De acuerdo a lo informado a la prensa por el intendente Moisés Balderrama, a pesar de que ayer se registró una bajada del nivel del río en la localidad boliviana testigo de Villa Montes, las aguas comenzaron a llegar anteanoche a Santa María. Según Balderrama, la onda decreciente iniciada en la cuenca alta del río, en territorio boliviano, no hará sentir sus efectos del lado argentino sino hasta el final del domingo o comienzos del próximo lunes.A pesar de la crítica situación, Balderrama se mostró confiado de que las poblaciones afectadas conseguirán superar el desafío. "Estamos mejor preparados, porque las poblaciones ya cuentan con provisiones y con la ayuda de la Provincia y la Nación", dijo el intendente de Santa Victoria Este.
De acuerdo a lo que informa Nuevo Diario, el Pilcomayo alcanzó ayer un nivel de 6,32 metros en la estación de Misión La Paz, aguas abajo de Santa Victoria.
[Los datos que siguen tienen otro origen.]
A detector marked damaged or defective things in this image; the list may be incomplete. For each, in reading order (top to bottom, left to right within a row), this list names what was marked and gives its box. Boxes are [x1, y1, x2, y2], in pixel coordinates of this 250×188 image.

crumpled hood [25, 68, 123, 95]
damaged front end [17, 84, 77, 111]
En Santa María el agua del río alcanzó a las viviendas de la Comunidad Wichi Padre Coll, en donde habitan unas 43 familias. En Santa Victoria el agua llegó ayer al anillo de tierra que rodea al pueblito. El cauce principal del río se encuentra a unos seis kilómetros de este lugar.
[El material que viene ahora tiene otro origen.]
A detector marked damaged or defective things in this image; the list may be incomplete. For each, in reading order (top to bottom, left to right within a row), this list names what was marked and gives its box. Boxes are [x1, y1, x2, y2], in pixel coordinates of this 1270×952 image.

Se estima que en la zona afectada por las inundaciones viven unas 12.000 personas que durante los pasados días han estado recibiendo ayuda a través del dispositivo de emergencia montado por el gobierno provincial con ayuda del nacional y del Ejército Argentino. De acuerdo a información de Defensa Civil, un centenar de personas permanecen evacuadas mientras se estima en 4.000 el número de personas que residen en localidades que han quedado aisladas por las aguas.
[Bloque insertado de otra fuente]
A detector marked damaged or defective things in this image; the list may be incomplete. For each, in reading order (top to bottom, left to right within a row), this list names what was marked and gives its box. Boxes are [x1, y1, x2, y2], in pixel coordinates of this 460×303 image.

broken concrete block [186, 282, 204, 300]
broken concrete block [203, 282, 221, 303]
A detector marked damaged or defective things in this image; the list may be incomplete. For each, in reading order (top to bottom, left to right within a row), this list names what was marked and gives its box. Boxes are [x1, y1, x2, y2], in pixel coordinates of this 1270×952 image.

Si bien se espera que se produzca una pronta normalización de la situación, los pobladores de estos lugares tienen ya asegurado el suministro de energía eléctrica, ya que la recuperación de las comunicaciones terrestres de los días pasados permitió llevar hasta el lugar unos 25.000 litros de combustible para abastecer a las centrales eléctricas.